### PROVIDED MATERIAL:
___

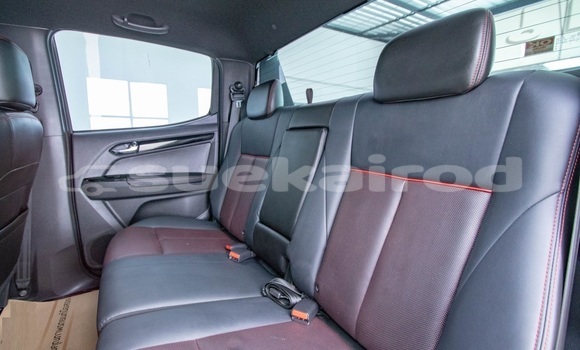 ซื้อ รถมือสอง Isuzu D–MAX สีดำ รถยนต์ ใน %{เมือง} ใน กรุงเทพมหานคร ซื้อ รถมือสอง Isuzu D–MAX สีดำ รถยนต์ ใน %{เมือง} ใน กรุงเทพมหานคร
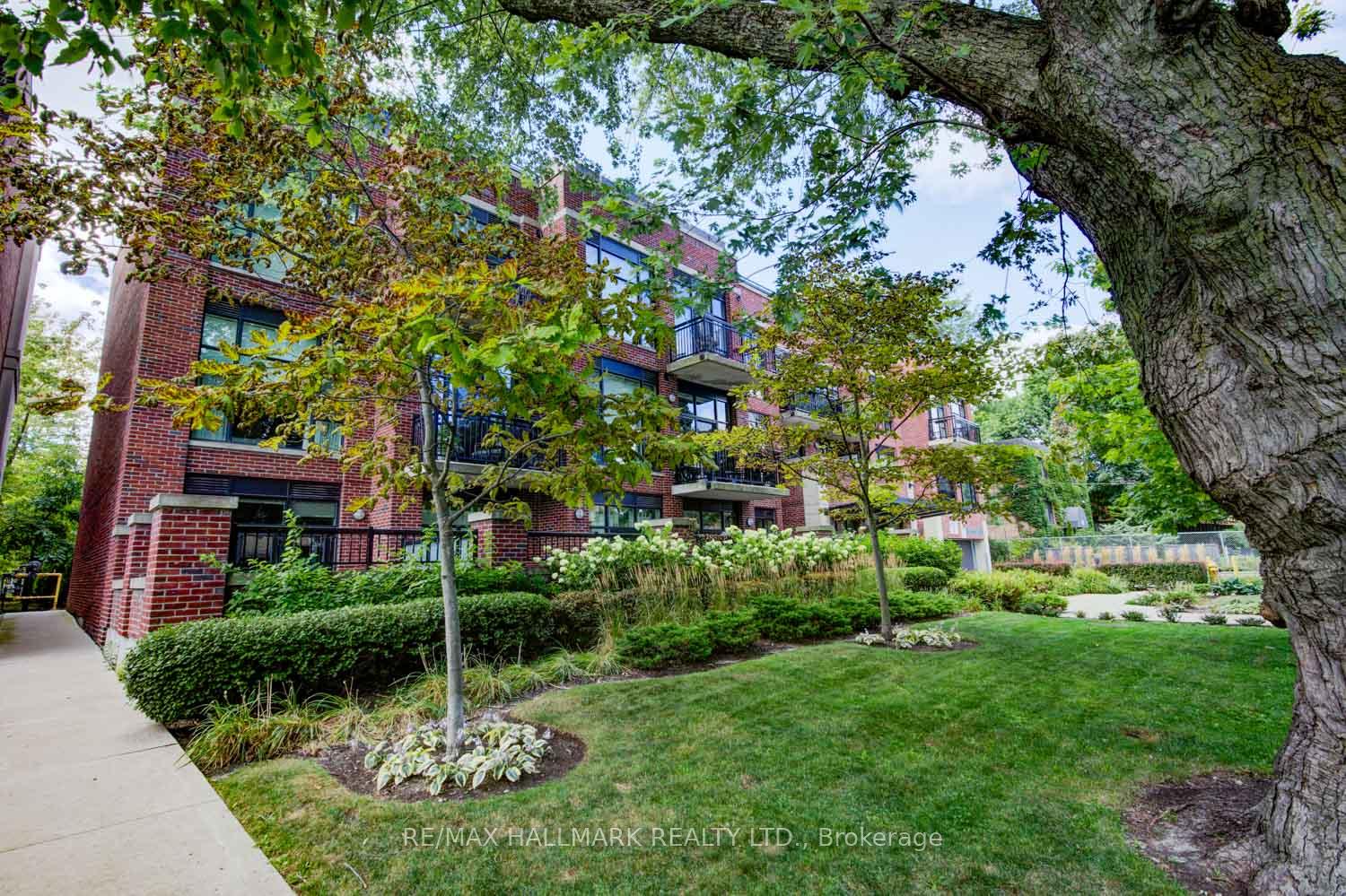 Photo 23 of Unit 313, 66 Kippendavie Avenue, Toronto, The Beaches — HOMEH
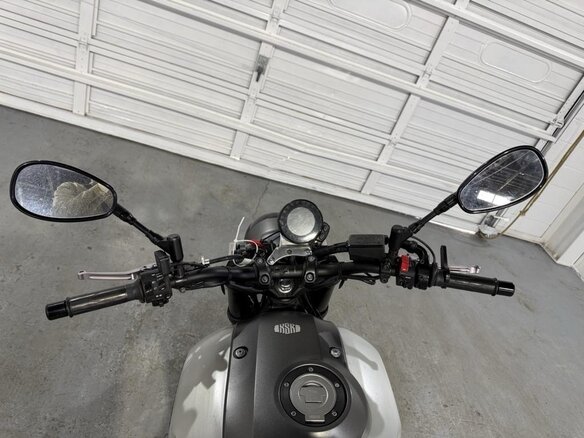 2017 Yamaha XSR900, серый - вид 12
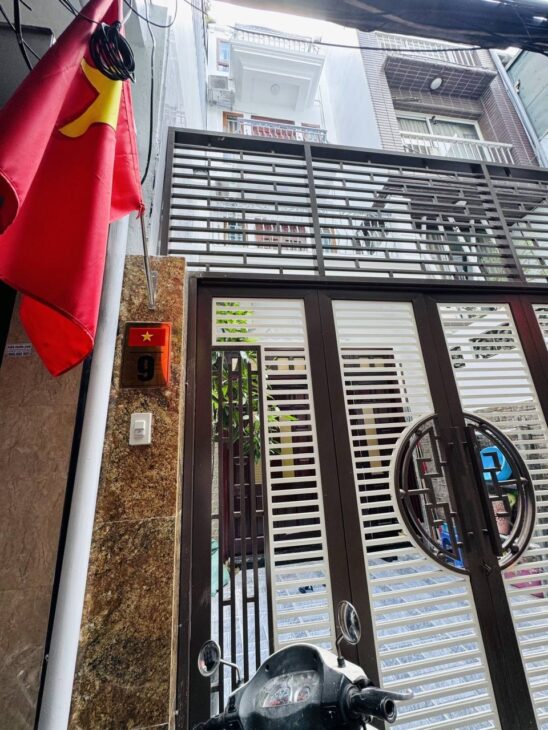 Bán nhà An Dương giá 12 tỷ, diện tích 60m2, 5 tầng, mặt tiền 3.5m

___

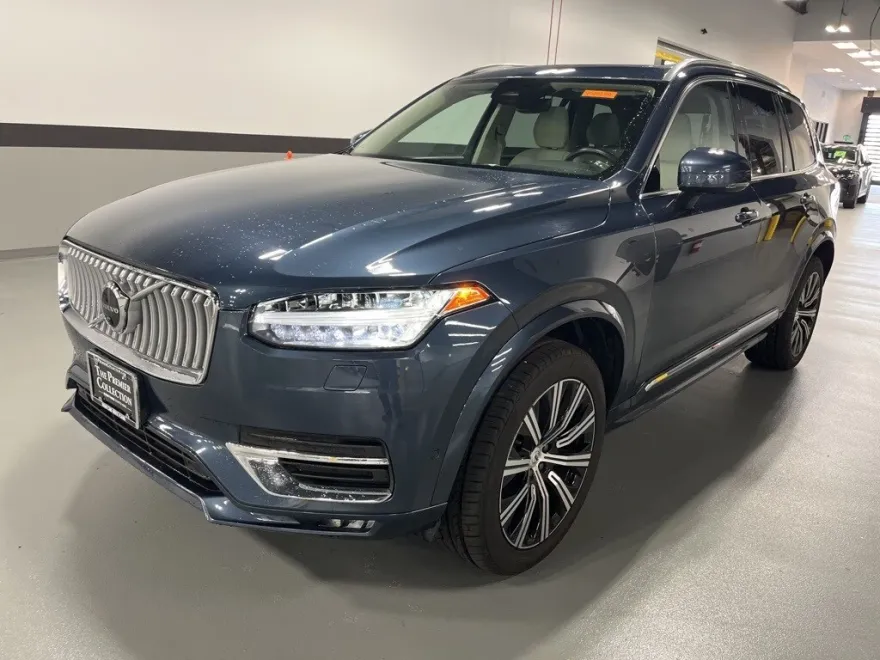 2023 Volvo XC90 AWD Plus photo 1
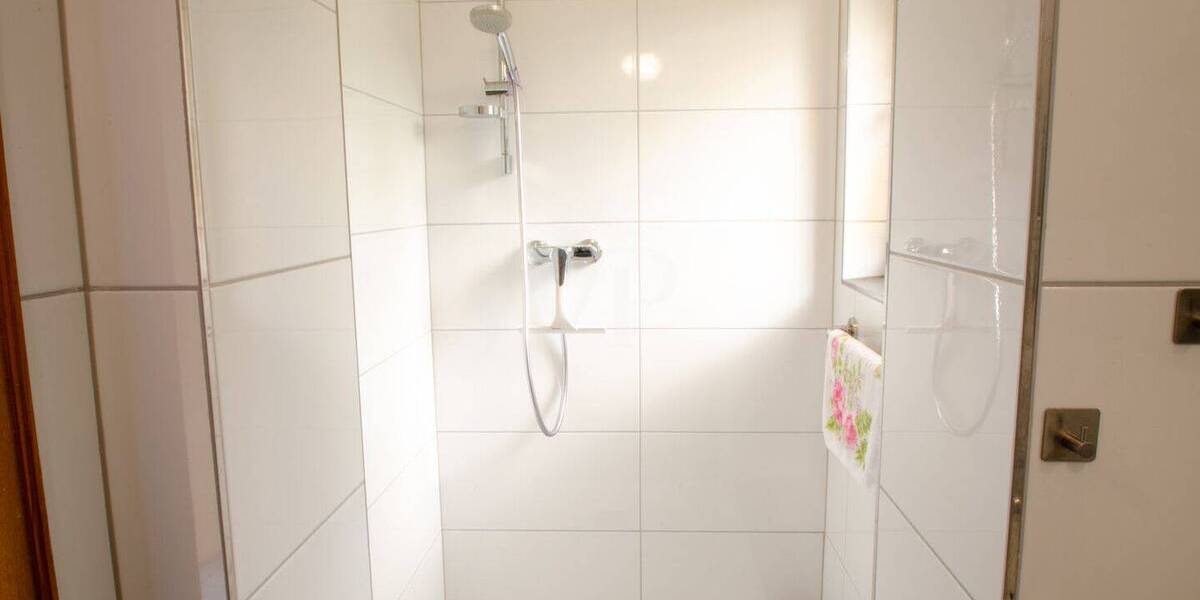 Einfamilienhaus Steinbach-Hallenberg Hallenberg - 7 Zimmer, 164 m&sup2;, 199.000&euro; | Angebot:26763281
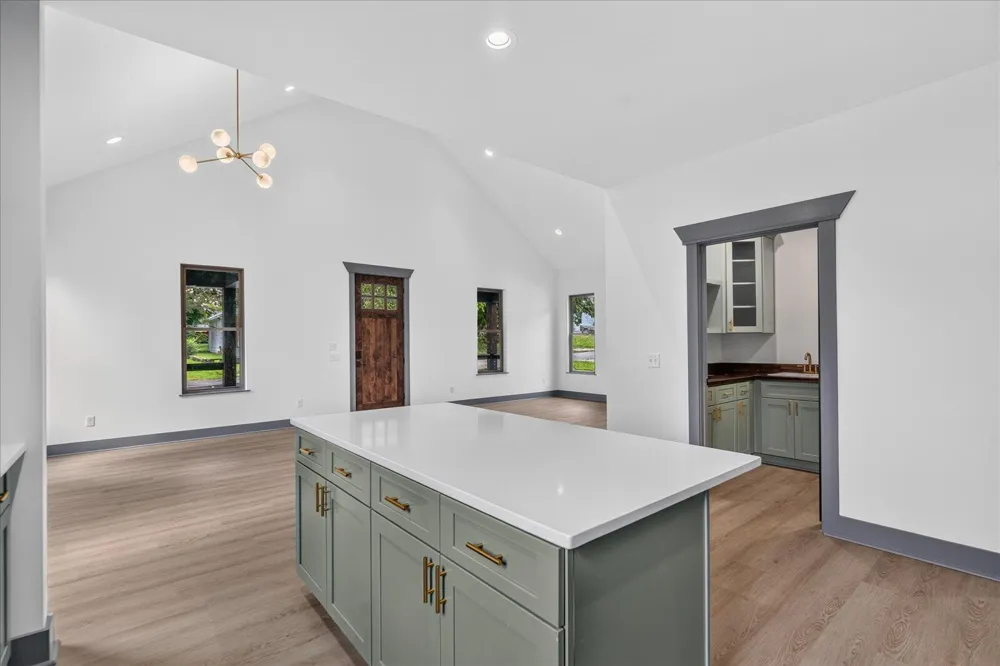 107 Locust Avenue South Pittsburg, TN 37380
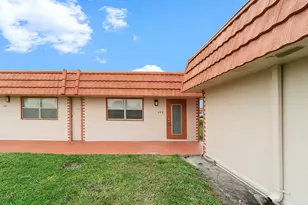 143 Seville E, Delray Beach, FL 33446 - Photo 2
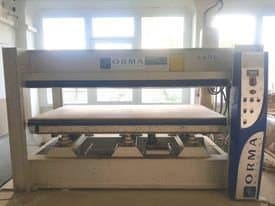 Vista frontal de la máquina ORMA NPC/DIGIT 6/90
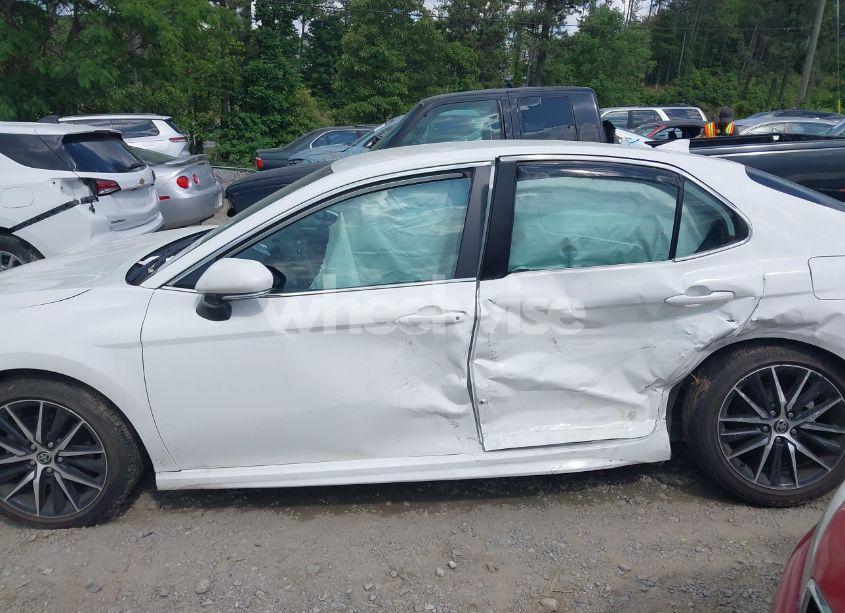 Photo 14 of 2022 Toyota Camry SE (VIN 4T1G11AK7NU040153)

___

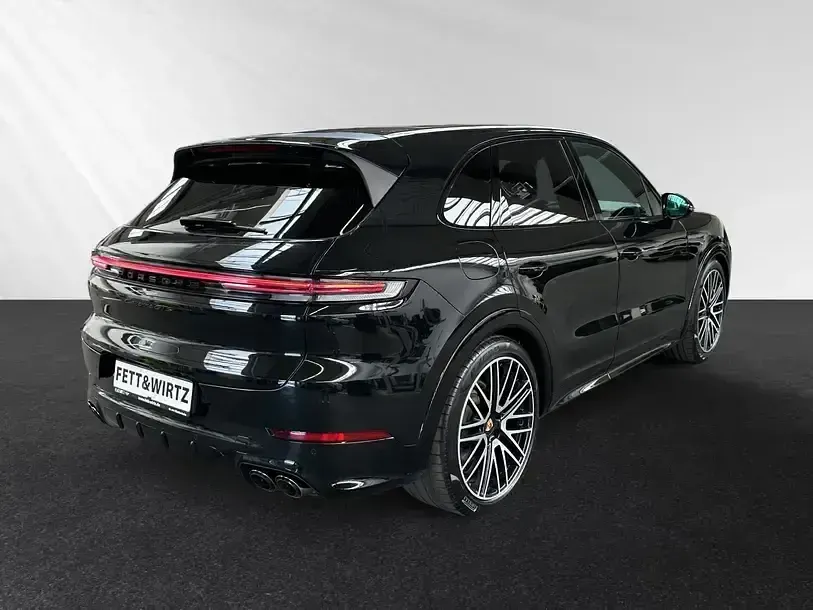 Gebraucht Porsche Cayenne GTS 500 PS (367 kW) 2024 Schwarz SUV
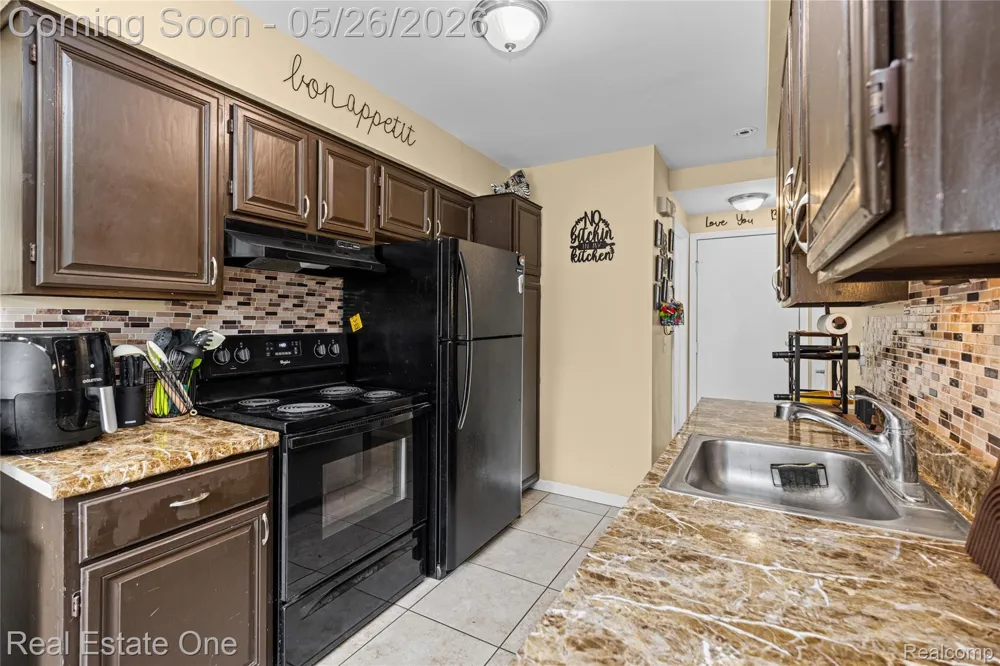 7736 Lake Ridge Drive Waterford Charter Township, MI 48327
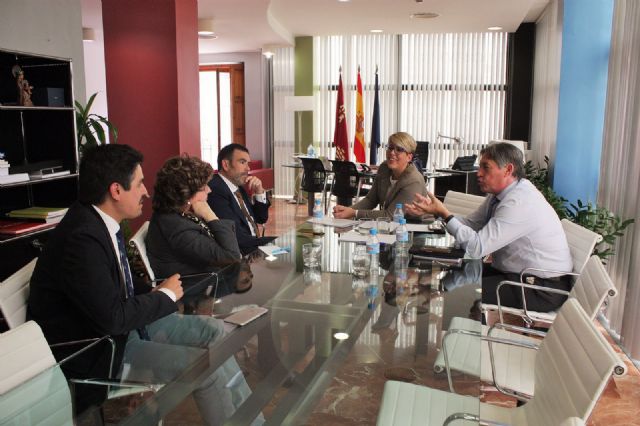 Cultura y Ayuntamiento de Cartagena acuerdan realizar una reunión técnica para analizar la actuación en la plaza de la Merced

___

### INSTRUCTIONS FOR THE TASK:
Copy nothing but the lines above that run from the one with "Gebraucht Porsche Cayenne" to the one with "Cultura y Ayuntamiento", ends included; pictures stay out.

### SOLUTION TO THIS TASK:
 Gebraucht Porsche Cayenne GTS 500 PS (367 kW) 2024 Schwarz SUV
 7736 Lake Ridge Drive Waterford Charter Township, MI 48327
 Cultura y Ayuntamiento de Cartagena acuerdan realizar una reunión técnica para analizar la actuación en la plaza de la Merced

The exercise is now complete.